A spokesman for ABN, which has decided not to appeal against the £900,000 fine, said: "We take these issues seriously. We have taken comprehensive action to remedy them, bearing in mind that they relate to events five years ago rather than the ABN Amro of today."

The fine is the FSA's fifth-biggest, and is the largest involving market abuse on the London stock market. The fine would have been £1.25m had ABN not co-operated and taken steps to correct its shortcomings.

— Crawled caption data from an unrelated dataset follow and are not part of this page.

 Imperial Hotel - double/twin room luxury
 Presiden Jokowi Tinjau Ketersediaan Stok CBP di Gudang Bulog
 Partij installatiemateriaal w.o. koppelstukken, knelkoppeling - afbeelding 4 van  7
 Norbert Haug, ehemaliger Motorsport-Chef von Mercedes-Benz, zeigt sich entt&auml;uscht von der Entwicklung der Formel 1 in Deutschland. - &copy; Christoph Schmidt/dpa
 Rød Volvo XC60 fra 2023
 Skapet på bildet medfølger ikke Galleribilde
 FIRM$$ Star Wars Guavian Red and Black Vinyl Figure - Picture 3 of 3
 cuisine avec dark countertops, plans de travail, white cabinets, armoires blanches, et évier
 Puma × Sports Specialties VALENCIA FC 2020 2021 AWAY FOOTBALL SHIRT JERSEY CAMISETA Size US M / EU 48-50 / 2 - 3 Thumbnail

ABN's then joint head of the UK equity trading desk, Michael Ackers, has been fined £70,000 for "market misconduct". He has been separately disciplined by ABN Amro and is now the group's UK head of small and mid-cap trading. "This reflects the fact that the FSA accepted that his integrity had not been impugned," the spokesman added. Another, unnamed, individual who was a director of UK equities was suspended for three years by the FSA's predecessor, the Securities and Futures Authority. His suspension ended on 23 December 2001.

The FSA decided that traders in ABN Amro Equities (UK), known as AAE, "accepted improper instructions whose apparent purpose was to push the closing market price of certain shares to a higher level than would otherwise have been the case".

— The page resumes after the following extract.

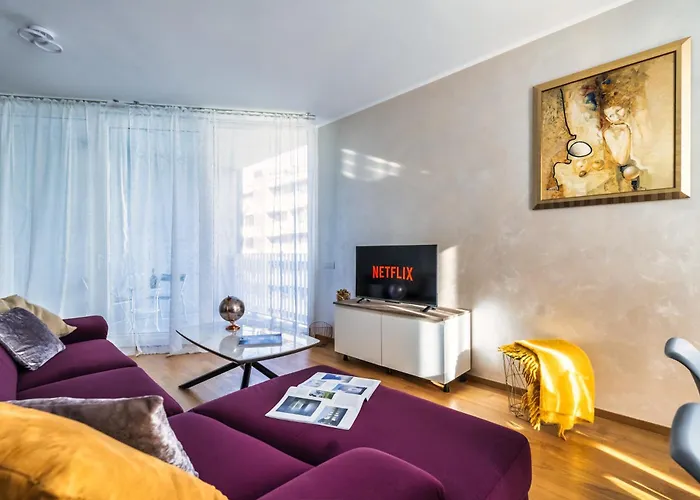 5 Min Walk From Subway Elegant & Modern Apartment *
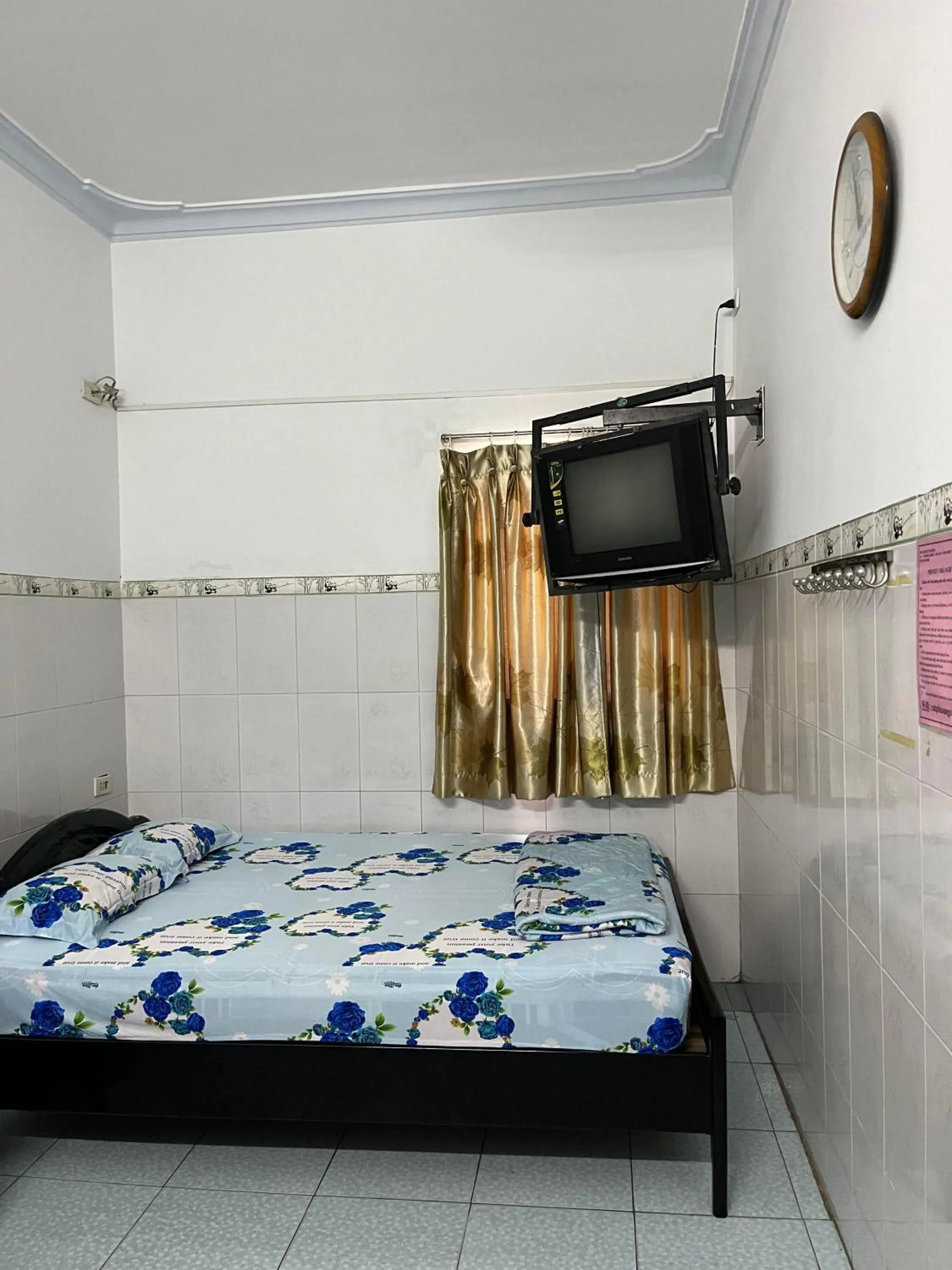 Bed in Cát Phượng Motel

This happened on three separate occasions between April and October 1998 in respect of shares in Carlton Communications, British Biotech, Volkswagen and Metro.

Carol Sergeant, managing director of the FSA, said: "Trading in stocks simply to move the market price is a serious abuse: it distorts market forces and undermines investors' confidence in the integrity of the prices quoted on exchanges."

The US investor was Oechsle International Advisers, a Boston-based fund manager handling $11.8bn (£7.6bn). Angelo Iannone, the head of ABN's international sales trading desk in New York, had had a long-standing relationship with Oechsle and one of its fund managers, Andrew Parlin. They agreed to increase the price of the shares in question at the end of certain days' trading, to make the prices look better in clients' portfolios.

Ms Sergeant added: "These were not isolated events. The repeated nature of the breaches demonstrates the absence of a robust compliance environment on the firm's trading floor. We view with particular seriousness misconduct that occurs in the context of a firm's inadequate investment in compliance procedures, policies and training. Investors need to be confident that they are dealing in clean and orderly markets."

The FSA has found that AAE did not adequately resource its compliance function and failed to have appropriate policies, procedures and training for staff. These shortcomings in the compliance function were highlighted to senior management by the compliance officer but no adequate remedial steps were taken at the time.